DVD Drop: Love, actually
The Five-Year Engagement makes its way to video shelves
Emily Blunt and Jason Segel in The Five-Year Engagement (Universal Pictures)
It really bugs me when a movie like The Five-Year Engagement fails to catch on with audiences. I'm supposed to steer people towards entertainment that's actually worthy of their time and warn them away from the empty calories of cynically assembled studio generica, so when something genuinely good comes out and gets ignored, it can't help but sting.
Thankfully, I get the chance to beat that drum all over again once the good thing comes out on disc, so here's me pitching another campaign for Jason Segel and Nicholas Stoller's proper follow-up to Forgetting Sarah Marshall.
Here's the thing, though: The Five-Year Engagement is richer and warmer than their 2008 hit, but not necessarily funnier. But that's okay; the filmmakers' priorities just are a little different this time around.
The premise is right there in the title: Charming, lovey-dovey San Francisco couple Tom (Segel) and Violet (Emily Blunt) get engaged with the expectation of a prompt wedding and a comfortable, happy life together, but the nuptials are pushed back when Violet gets an academic job offer that threatens to derail Tom's career as a chef. And then another thing gets in the way. And another.
Happens to everyone, right? Life doesn't proceed according to plans, and we find ourselves rolling in unexpected directions. But lest you think this sounds like a really sucky relationship drama, some of the unexpected events in Tom and Violet's life include Tom's best friend (Chris Pratt) impregnating Violet's sister (Alison Brie) on the night of the happy couple's engagement party, Violet's elderly grandparents dying in rapid succession and Tom getting drunk one night and waking up missing a toe.

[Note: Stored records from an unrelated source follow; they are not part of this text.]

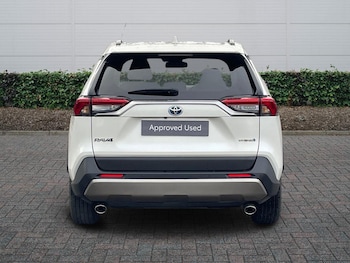 Used Toyota RAV4 2022 for sale - 76609210: Photo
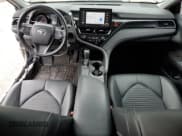 ✅ 2022 Toyota Camry SE • VIN: 4T1G11AK5NU635941 • Lot: 91058075. Wystawiony na Copart z przebiegiem 43 414 mil. Bezpłatny archiwum sprzedaży aukcyjnych z USA i szczegółowy raport historii pojazdu na DreamBid. Zdjęcie 8.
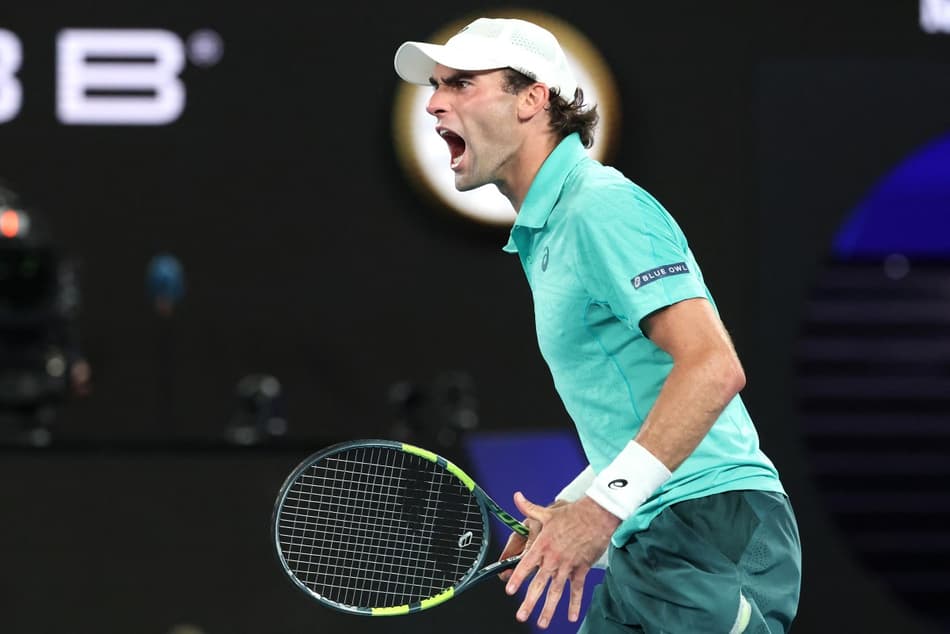O americano Eliot Spizzirri na derrota para o italiano Jannik Sinner no Australian Open (Foto: DAVID GRAY / AFP)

Everything's played for comedy -- and very successfully, at that -- but the endless obstacle course of Tom and Violet's relationship is also sweetly, weirdly credible. Where Forgetting Sarah Marshall was intentionally outsized and goofy, The Five-Year Engagement finds Segel and Stoller telling a more relatable story, the better to build up the emotional kick of watching these two kids discover themselves as they try to negotiate their couplehood.
Maybe it helped that Segel and Stoller were also working on The Muppets while they were developing The Five-Year Engagement; they could shift all the wackiness onto that project and save the humanity for this one. That said, it wouldn't be a Segel project without some reference to Jim Henson's beloved characters; the shout-out he works in here is particularly delightful. (And I wouldn't dream of spoiling it.)
To reiterate: The Five-Year Engagement is a very funny movie. Segel and Blunt are a fine match, and the supporting cast is filled with vivid comic talent -- Pratt and Brie, of course, but also Rhys Ifans, Brian Posehn, Mindy Kaling, Kevin Hart, Kumail Nanjiani and Lauren Weedman, in a role someone almost certainly tried to book for Jane Lynch. There's always something going on in the frame; this is a movie where people have been encouraged to create characters rather than types.
The marketing campaign made it look like your average Judd Apatow project about a schlubby guy who falls for a hot girl and encounters wacky complications in their life together -- and sure, that's a fair compression of the plot, if you strip away all the character stuff and emotional complexity. But of course the whole point of The Five-Year Engagement is the character stuff and emotional complexity; it's what turns Tom and Violet into believable human beings instead of stick figures, and what makes us root for them as they try to figure out how to stay together while growing into their adult selves. And it all works beautifully. You'll see.